Saturday, February 04, 2006

Controversial Cartoons



Police keep watch as thousands of Bangladeshi Muslims take to the streets in Dhaka.



Palestinians show their anger at the cartoons by walking over a Danish flag in front of a mosque.



A Jordanian Muslim holds up the Koran in the capital Amman.



Palestinian protesters burn a French flag during a demonstration.



Pakistanis burn Danish, Norwegian and French flags during a rally in Lahore.



Muslims in Indonesia tear up the Danish flag.



Supporters of Pakistan's Islamic alliance Mutahidda Majlis-e-Amal chant slogans during a rally in Karachi.

Source

8 comments:

nisa said...

Salam,

i'm a muslim & i do find the cartoon offensive. Still for muslims, even if one is outraged, the way to express it cannot follow the western style "freedom of expression". as the Quran states Allah do not condone unfair injury. Patience, is to be determined for the believers. (refer Quran, 3:186)

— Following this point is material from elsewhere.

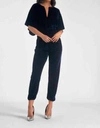 Elan Velvet Jumpsuit In Midnight Blue In Blue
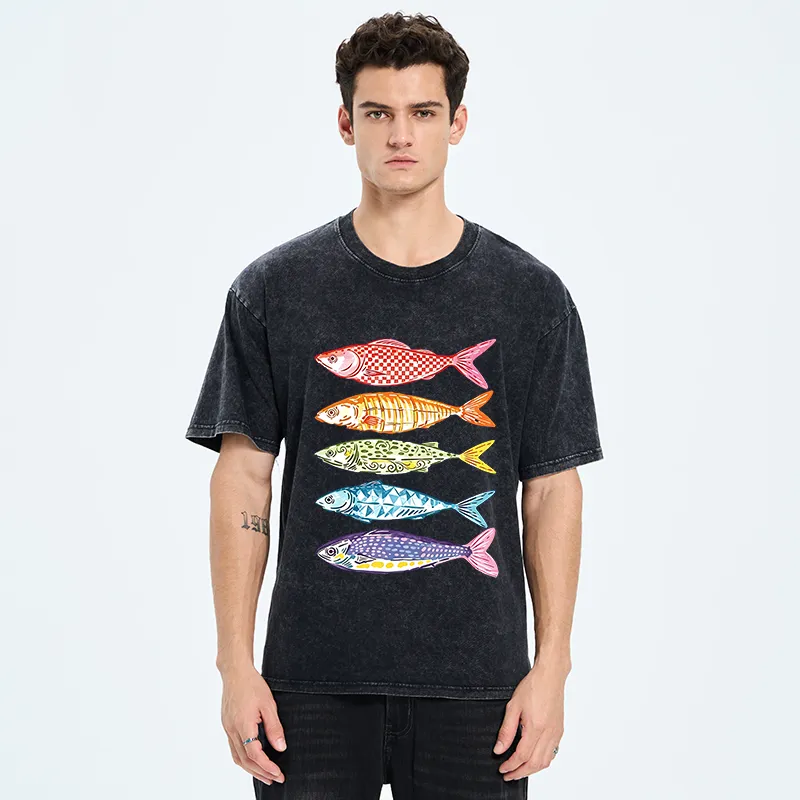 Tokyo‑Tiger Colorful Multi Pattern Fish Washed T‑Shirt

As their deeds are being written, so do ours. i hope we doin't spoil our deeds.

Shafi Said said...

Nisa, Your right there is way to express anger and let your frustrations out, but again there is a very fine line between the "Freedom of expression" banners they keep shoving down our throats and insulting one's religion. The Freedom of speech act is a meticulously thought-about and an effective tactic only used to accomodate them whenever they deem necessary!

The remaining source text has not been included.